- _EXERCISE INSTRUCTIONS_:
A faithful copy of all the entries is required, with no pictures in it.

- _GIVEN DATA_:
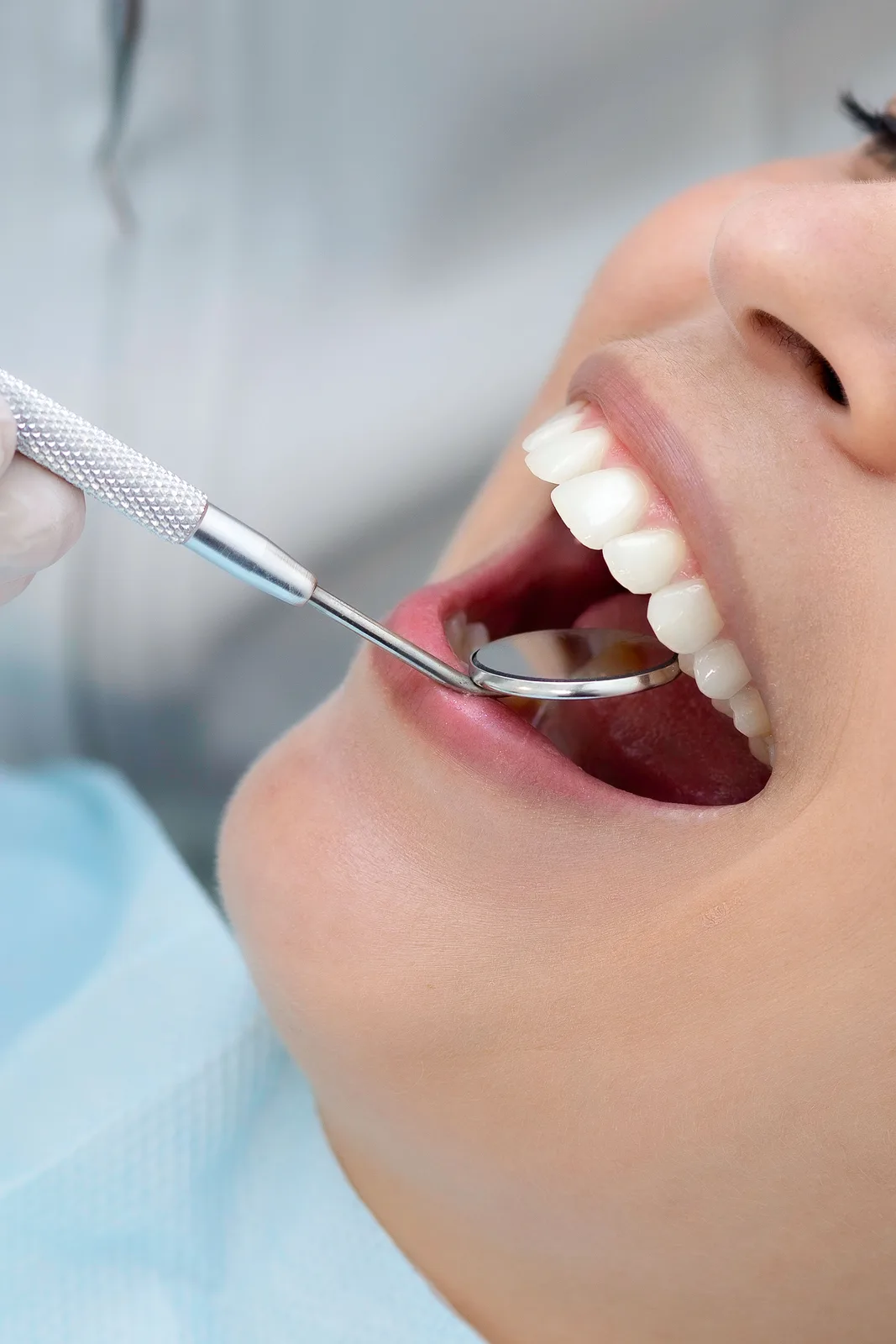 Checking restoration margins with a dental mirror, referred to in the Implant Cost section for Toronto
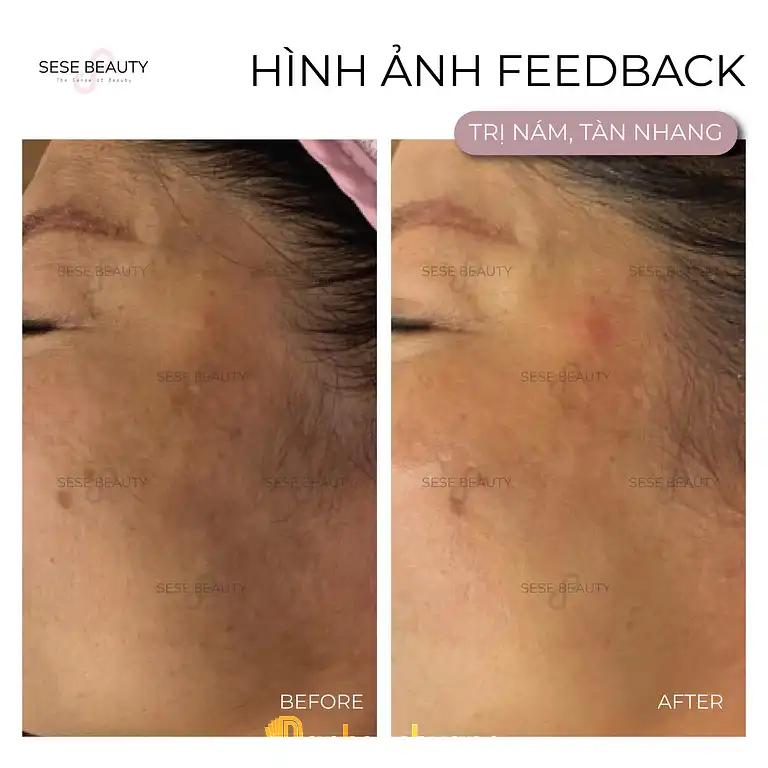 Hình ảnh sese-beauty-123-trieu-viet-vuong-hai-ba-trung-4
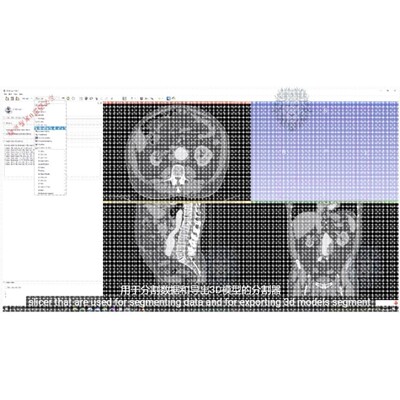 3d slicer医学影像图像分割视频教学教程课程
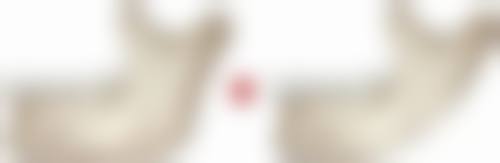 富贵包抽脂后复发概率怎么样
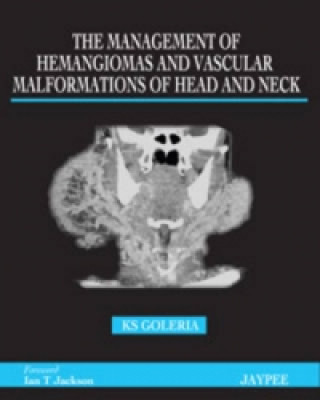 Libro Management of Haemangiomas and Vascular Malformations of Head and Neck K S Goleria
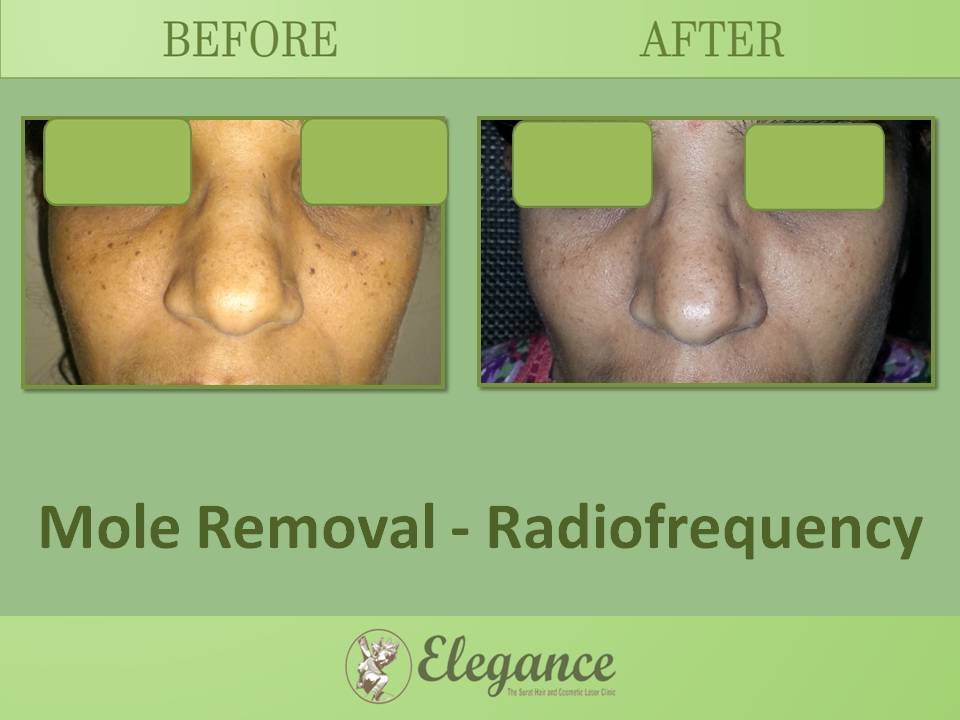 Mole Removal Treatment, Surat, Gujarat, India.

- _TASK OUTPUT_:
 Checking restoration margins with a dental mirror, referred to in the Implant Cost section for Toronto
 Hình ảnh sese-beauty-123-trieu-viet-vuong-hai-ba-trung-4
 3d slicer医学影像图像分割视频教学教程课程
 富贵包抽脂后复发概率怎么样
 Libro Management of Haemangiomas and Vascular Malformations of Head and Neck K S Goleria
 Mole Removal Treatment, Surat, Gujarat, India.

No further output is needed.